• **Exercise requirements**:
When you transcribe the listing, keep each line exact and drop the pictures.

• **Provided data**:
********

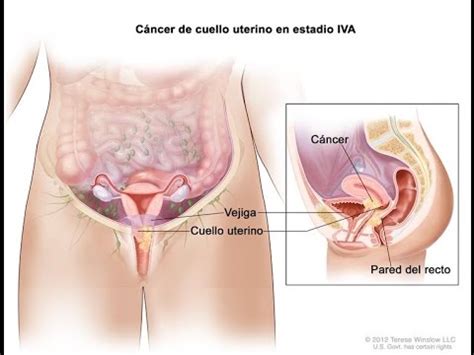 Dcis refers to abnormal cells that are confined to the milk ducts. CARCINOMA INTRACELULAR IN SITU - CANCER DE UTERO - YouTube
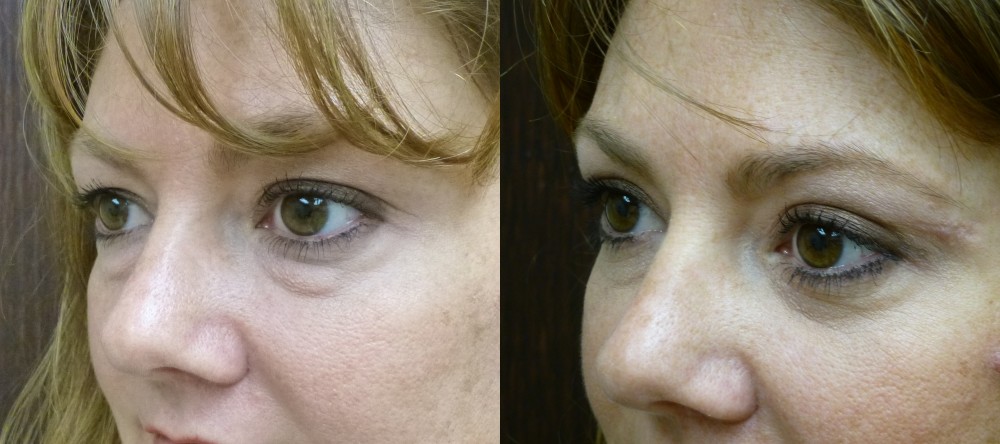 Eyelid Lift Savannah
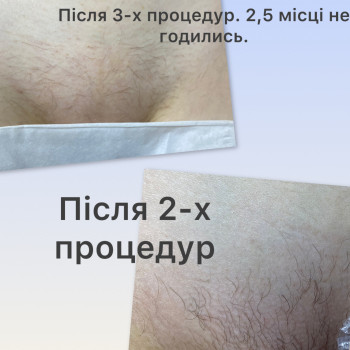 Результати неймовірні. Вже після 3-х повних проходів ділянки зони бікіні, маємо ось такий результат. Через 2,5 місяці маємо ось таку кількість волосків які вийшли на поверхню шкіри. Шкіра гладенька без шрамів.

********

• **Answer section**:
 Dcis refers to abnormal cells that are confined to the milk ducts. CARCINOMA INTRACELULAR IN SITU - CANCER DE UTERO - YouTube
 Eyelid Lift Savannah
 Результати неймовірні. Вже після 3-х повних проходів ділянки зони бікіні, маємо ось такий результат. Через 2,5 місяці маємо ось таку кількість волосків які вийшли на поверхню шкіри. Шкіра гладенька без шрамів.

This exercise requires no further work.